WORK ORDER: Please repeat every record exactly, leaving out any pictures.
-------- RECORDS FOR THE TASK --------
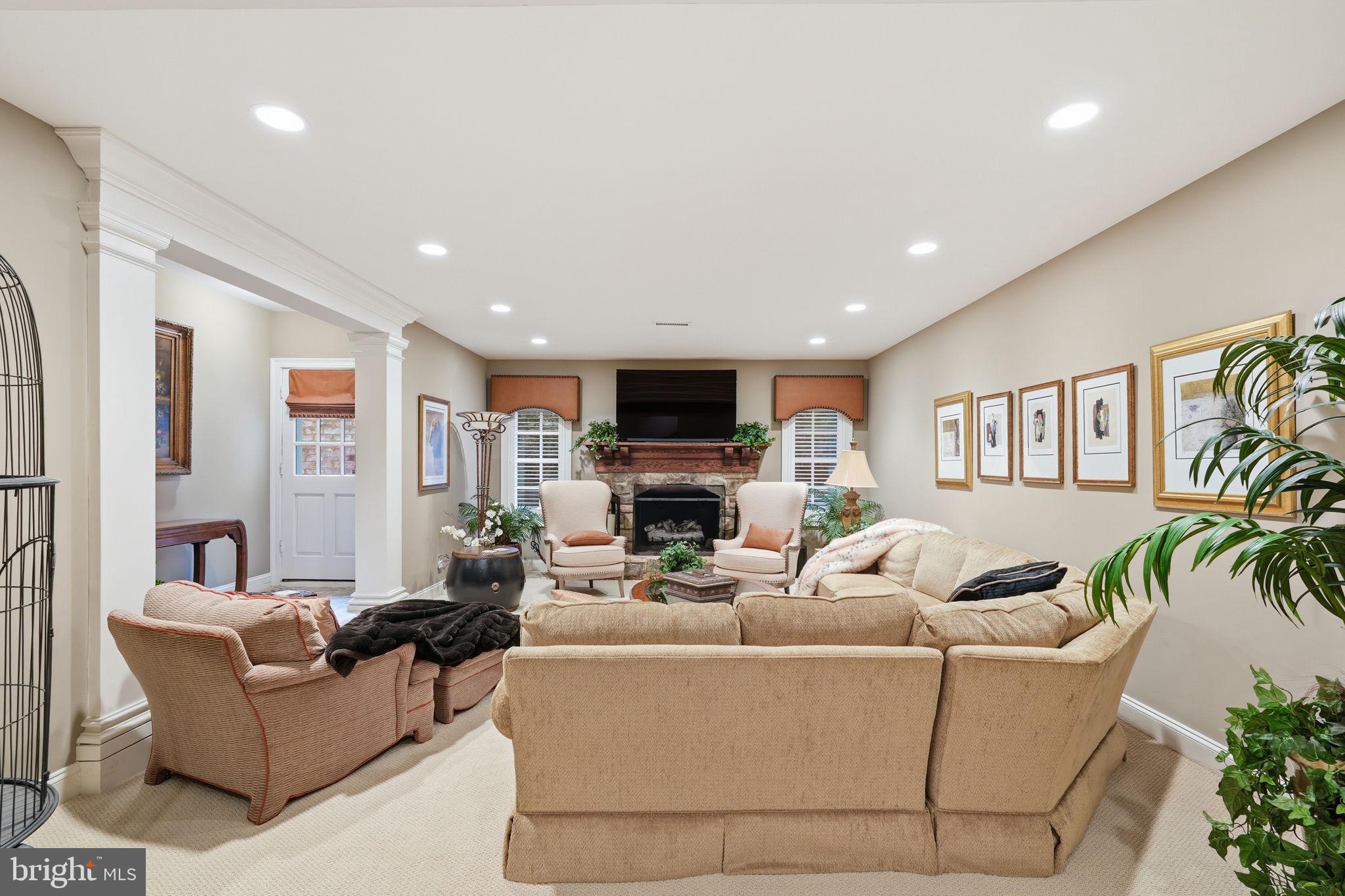 1204 DAVISWOOD DRIVE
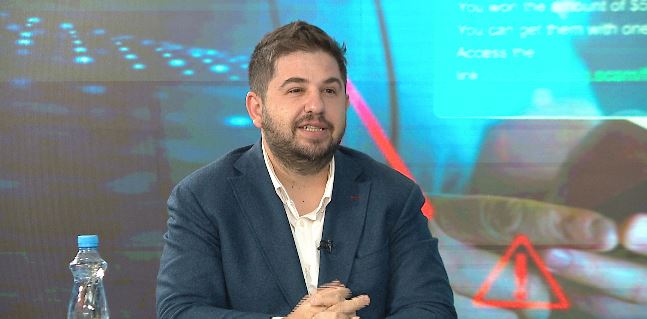 “mosha-e-riskuar,-ajo-e-‘naiveve-teknologjike’”/-vjedhja-e-te-dhenave-me-mesazhet-spam-ne-whatsapp,-eskperti:-mos-ndani-me-askend-kodet-6-shifrore!-te-dhenat-perdoren-per…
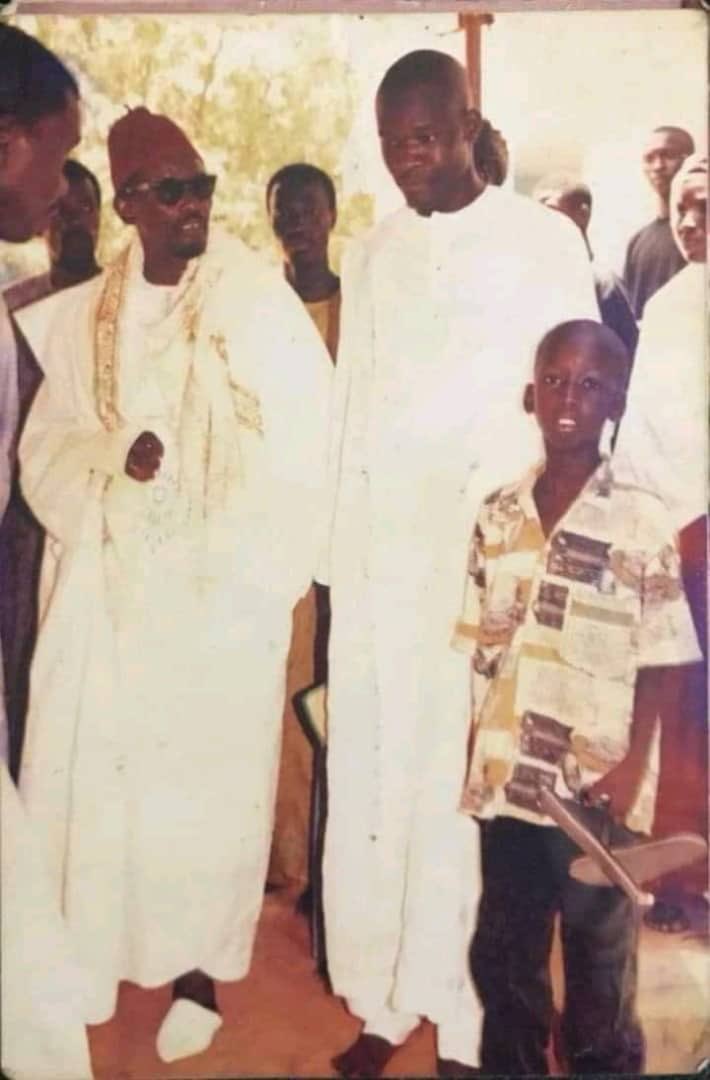 Mujadid98's tweet photo. Son dernier Gamou en Juillet 1997 ndeysaan
Dofii diogg ba fawou ndax sa dieuf si yonou L’islam Mbaye Yaaram https://t.co/1qds3eA9tI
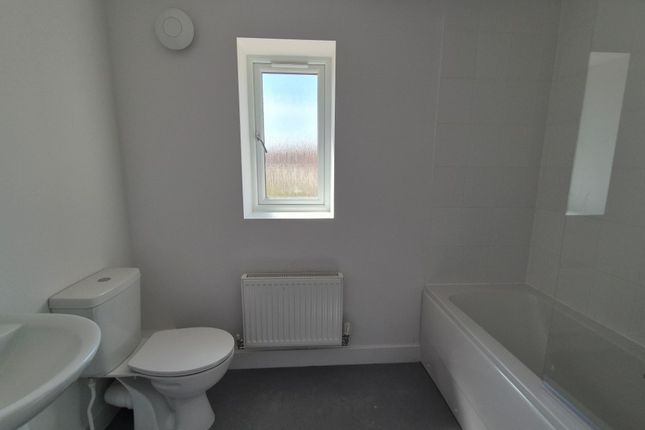 5, Magpie Close, Grimsby photo 3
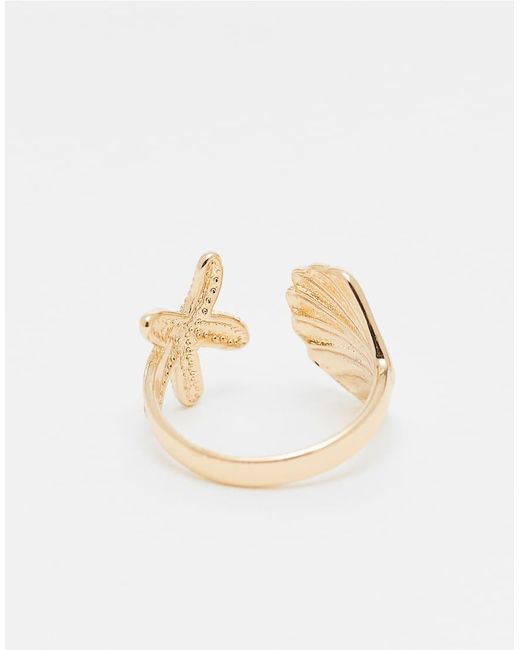 Anello Dorato Con Design Avvolgente E Conchiglie di ASOS in Natural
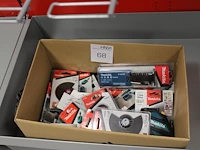 Makita accessoires in doos w.o. multitoolzagen, bitset, kniebeschermers en rolmaat - afbeelding 1 van  3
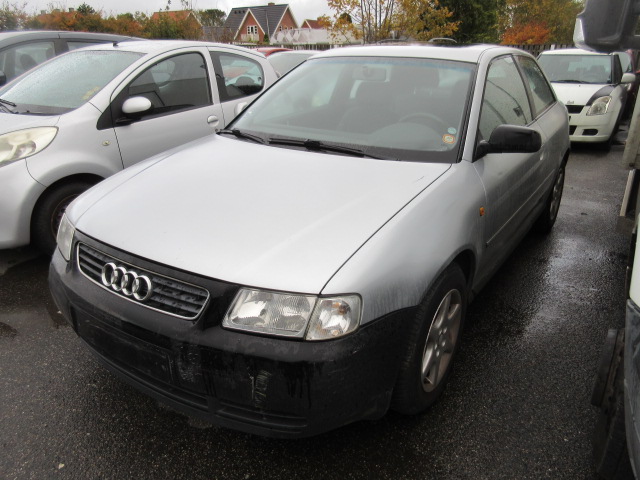 AUDI A3 1,8I AUT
--------
SOLUTION FOR THIS PROBLEM:
 1204 DAVISWOOD DRIVE
 “mosha-e-riskuar,-ajo-e-‘naiveve-teknologjike’”/-vjedhja-e-te-dhenave-me-mesazhet-spam-ne-whatsapp,-eskperti:-mos-ndani-me-askend-kodet-6-shifrore!-te-dhenat-perdoren-per…
 Mujadid98's tweet photo. Son dernier Gamou en Juillet 1997 ndeysaan
Dofii diogg ba fawou ndax sa dieuf si yonou L’islam Mbaye Yaaram https://t.co/1qds3eA9tI
 5, Magpie Close, Grimsby photo 3
 Anello Dorato Con Design Avvolgente E Conchiglie di ASOS in Natural
 Makita accessoires in doos w.o. multitoolzagen, bitset, kniebeschermers en rolmaat - afbeelding 1 van  3
 AUDI A3 1,8I AUT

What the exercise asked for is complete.